Neus Arnal, social educator of the SPEY project, tells us what the educational and sports project is about and how the socio-sports programme is being developed.
How should we work from the sports sector together with the social world to stop the acquisition of extreme ideas or behaviours among young people?
What we see most in the project is the pro-social support network that has been generated through the SPEY educational and sports program.
SPEY project was born from the need to know whether sport can contribute to the prevention of any type of extremist behaviour or ideas among youngsters. It is well known that sport can be a space for catalysing the prejudices that youngsters have towards the adoption of ideas or extreme behaviours.
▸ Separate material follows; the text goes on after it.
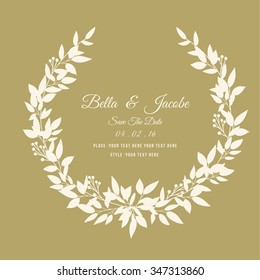 Ilustración vectorial del marco floral.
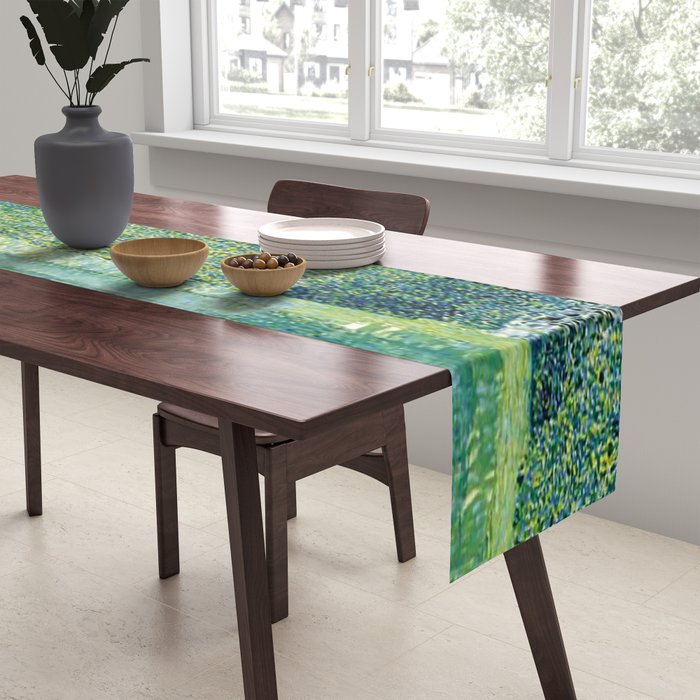 Gustav Klimt , Pond of Schloss Kammer on Attersee Table Runner Gallery Image 2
What we want to know with this project is how we should work from the sport sector, together with the social sector, to serve as a barrier to the acquisition of ideas or extreme behaviours among young people.
The truth is that it has worked so well and I believe that the most important thing that we have achieved with the project, or at least, the most obvious one, is the pro-social support network that has been generated through the educational and sportive SPEY programme.
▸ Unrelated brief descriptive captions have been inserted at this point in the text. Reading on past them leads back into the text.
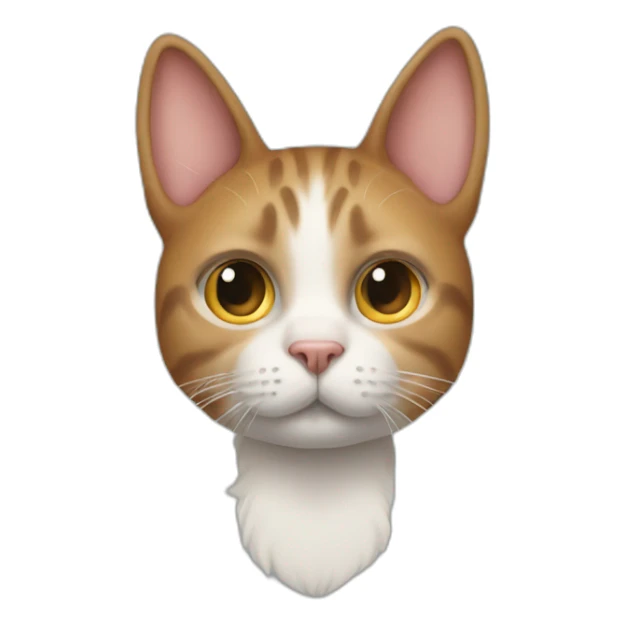 Elon musk with cat ears and dog tail sticker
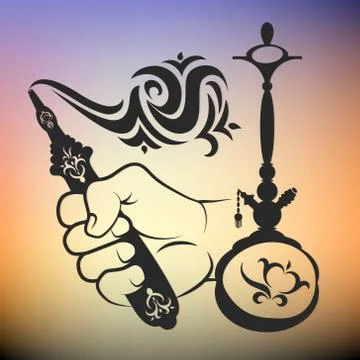 Hookah symbol for relaxation Stock Illustration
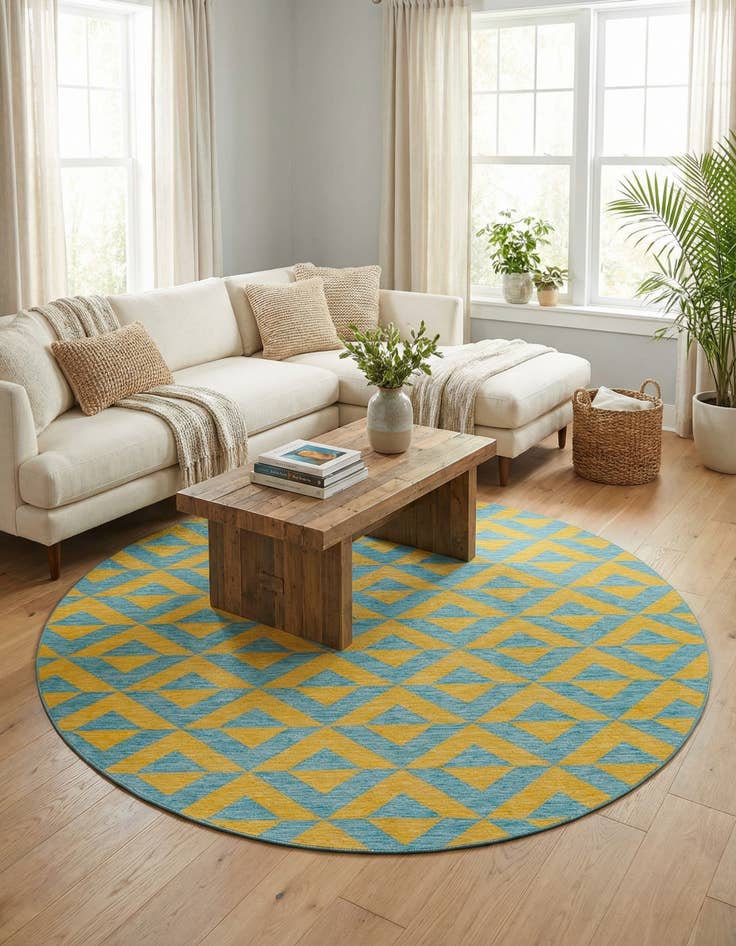 Detail image of 10' 8 x 10' 8 Easy-Clean Jill Zarin Napa Indoor / Outdoor Round Rug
The educational programme is based on the 3N theory. This theory affirms that, in any process of adoption of ideas or extreme behaviours, the needs, the narratives and the “networks” i.e. the nets intervene.
In the video, Neus Arnal, social educator of the SPEY project, explains the 3 phases of the programme:
- PHASE 1: The educational process of SPEY contemplates a first phase in which the youngsters express what they receive as harm and oppression, we work on them and then come to the next phase, which are the narratives.
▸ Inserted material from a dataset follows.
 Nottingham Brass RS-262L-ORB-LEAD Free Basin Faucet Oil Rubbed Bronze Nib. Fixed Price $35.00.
- PHASE 2:In this second phase, we work on how these needs are transformed into narratives that, very often respond to the idea of “us against you”. We work on these narratives to get to the next stage of the process, which are nets.
- PHASE 3:On this third phase of “networks”, we take these needs, structured under these narratives, so that young people can, in their own ways of structuring and acting, feel that they belong to a pro-social project or create one. This project should channel all these needs towards something greater, i.e. better.
About the SPEY project
The SPEY project (Sport for the Prevention of Extremism in Youth) started in February 2020 led by the Union of Sports Federations of Catalonia. The project, co-financed by the European Commission, has a duration of 30 months, and has the support of 7 countries and 9 ‘partners’, including the Confederation of Sports of Sweden, the Union of Federations of Latvia, the International Council of Sport and Physical Education of Germany, the City Council of Gondomar of Portugal, the Ministry of Culture and Sport of Greece, the French ‘think tank’ Sport and Citizenship, and the University of Córdoba.